Même dans ses récentes sculptures en bronze, plus humaines, plus contemporaines au nickel chrome, il avoue avoir recours à des lignes et des traits abstraits et simplifiés, s’inspirant de l’art pharaonique. Dans sa dernière exposition Mémoires visuelles, il a associé à son travail habituel la photographie et la typographie. « Les métaux me permettent plus d’expérimentation et d’aventures. J’ai créé ma propre fonderie de métaux. Le bronze et le nickel chrome m’offrent une belle surface bien polie et luisante, on dirait une sorte de miroir, invitant le spectateur à s’impliquer davantage. J’ai eu recours à la photographie et à la typographie, afin d’ajouter d’autres dimensions, d’autres connotations à l’oeuvre, afin de mieux communiquer avec le public ».

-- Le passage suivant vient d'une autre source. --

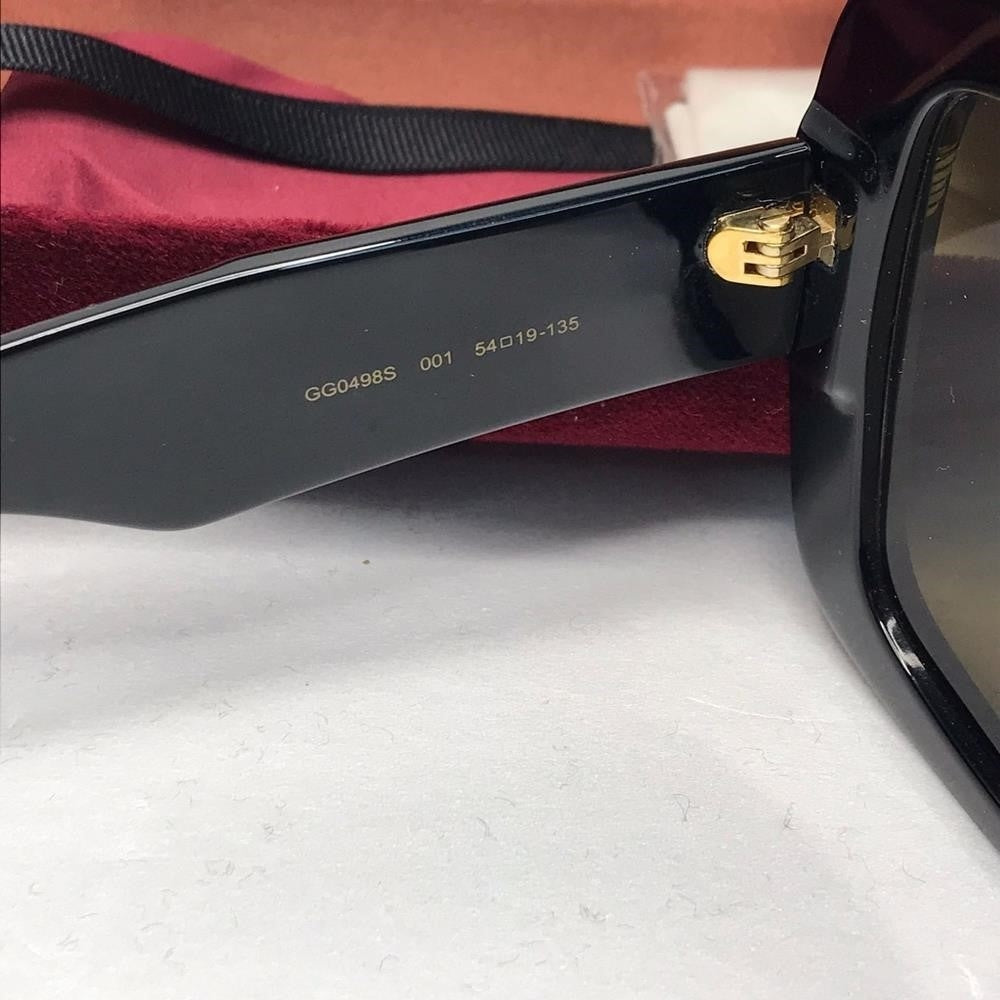 💯 Original  GUCCIAcetate Square Frame Sunglasses GG0498S Black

Qu’il travaille la ferraille, la pierre ou le bronze, on reconnaît tout de suite ses retouches. « Je choisis souvent des sujets qui reflètent mes soucis et mes expériences personnelles ». Et d’ajouter : « Plusieurs sculpteurs ont tendance à tailler des formes qui leur ressemblent, physiquement. Moi aussi j’opte pour des formes qui reflètent ma personnalité et mon attitude vis-à-vis de la vie tout courte ».
A partir de 2017, Farid sera le commissaire général du Symposium d’Assouan sur la sculpture, succédant à Adam Hénein. Il espère faire bouger les choses, laisser son empreinte. « La 22e édition se tiendra à Charm Al-Cheikh. Le symposium est devenu une rencontre annuelle reconnue dans le monde. Le Sinaï abonde de carrières de granit et la station balnéaire a besoin de se redorer le blason, après tant de crises touristiques », conclut Farid, non sans enthousiasme.